DIRECTIONS – Give back the listing in full and exactly, leaving out the images.

DATASET CONTENT –
= Beginning of Section =

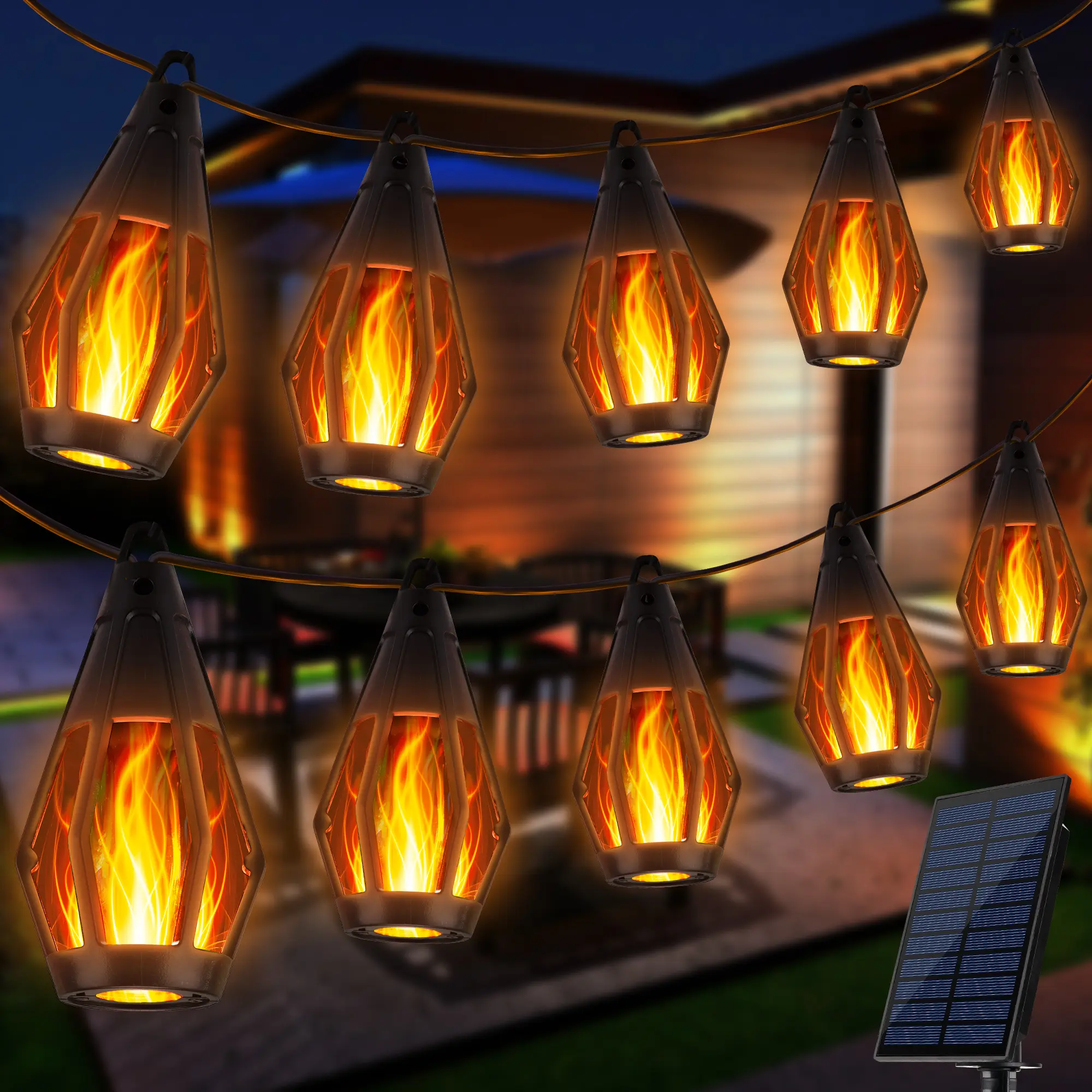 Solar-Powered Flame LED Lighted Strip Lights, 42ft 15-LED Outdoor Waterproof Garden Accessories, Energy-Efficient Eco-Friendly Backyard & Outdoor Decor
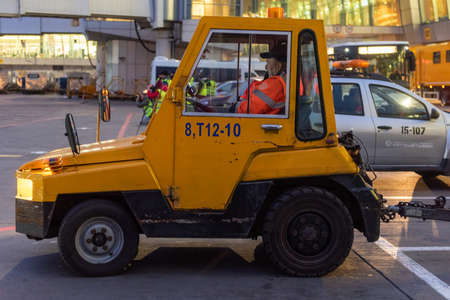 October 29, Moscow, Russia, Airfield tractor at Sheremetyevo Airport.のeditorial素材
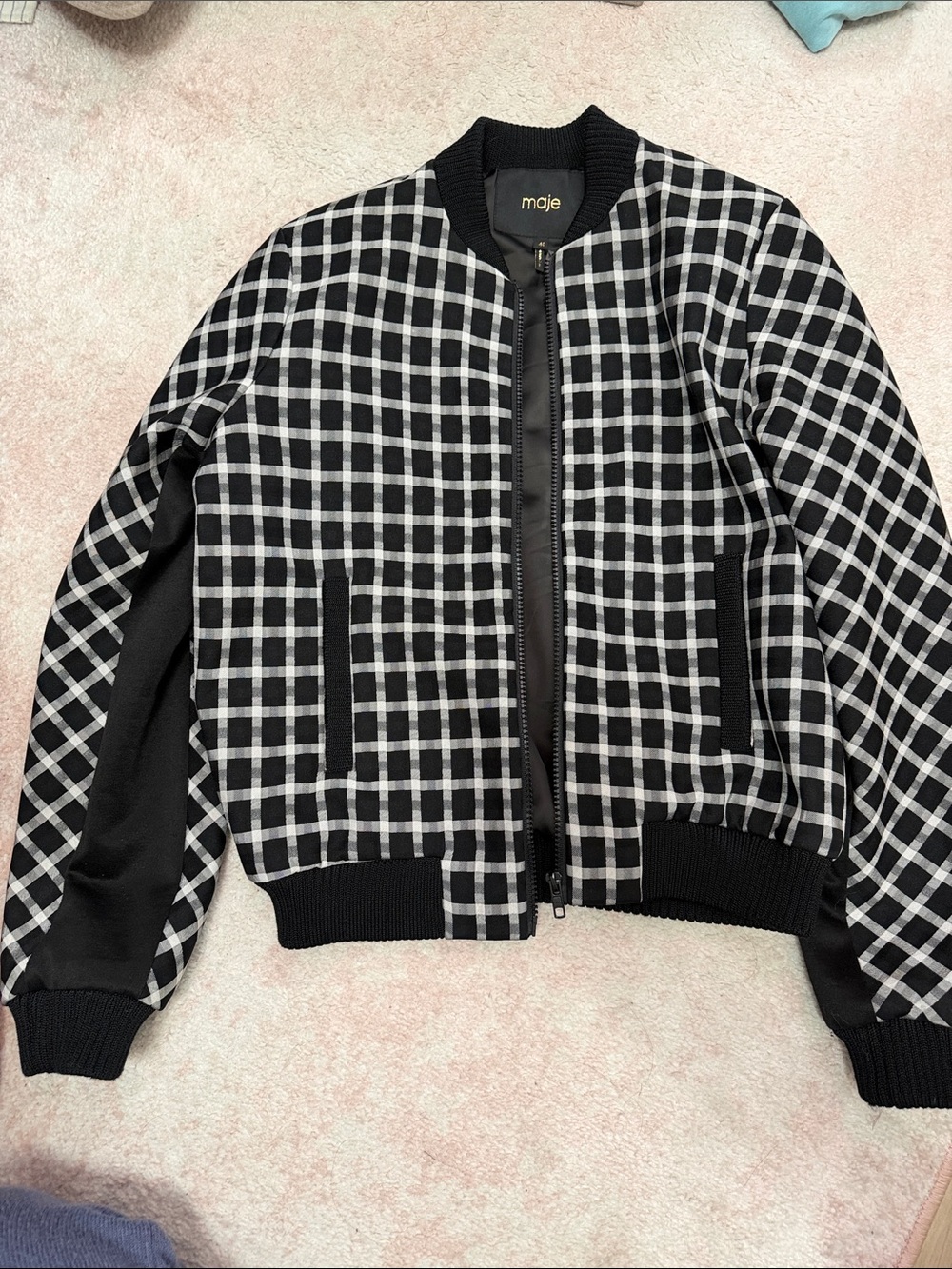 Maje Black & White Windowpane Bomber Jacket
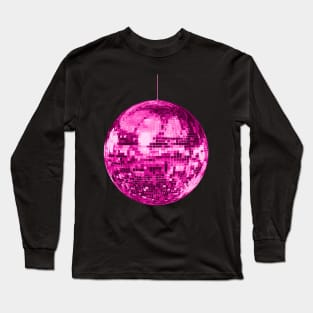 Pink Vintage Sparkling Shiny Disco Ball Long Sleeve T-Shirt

= End of Section =

SOLUTION TO THIS PROBLEM –
 Solar-Powered Flame LED Lighted Strip Lights, 42ft 15-LED Outdoor Waterproof Garden Accessories, Energy-Efficient Eco-Friendly Backyard & Outdoor Decor
 October 29, Moscow, Russia, Airfield tractor at Sheremetyevo Airport.のeditorial素材
 Maje Black & White Windowpane Bomber Jacket
 Pink Vintage Sparkling Shiny Disco Ball Long Sleeve T-Shirt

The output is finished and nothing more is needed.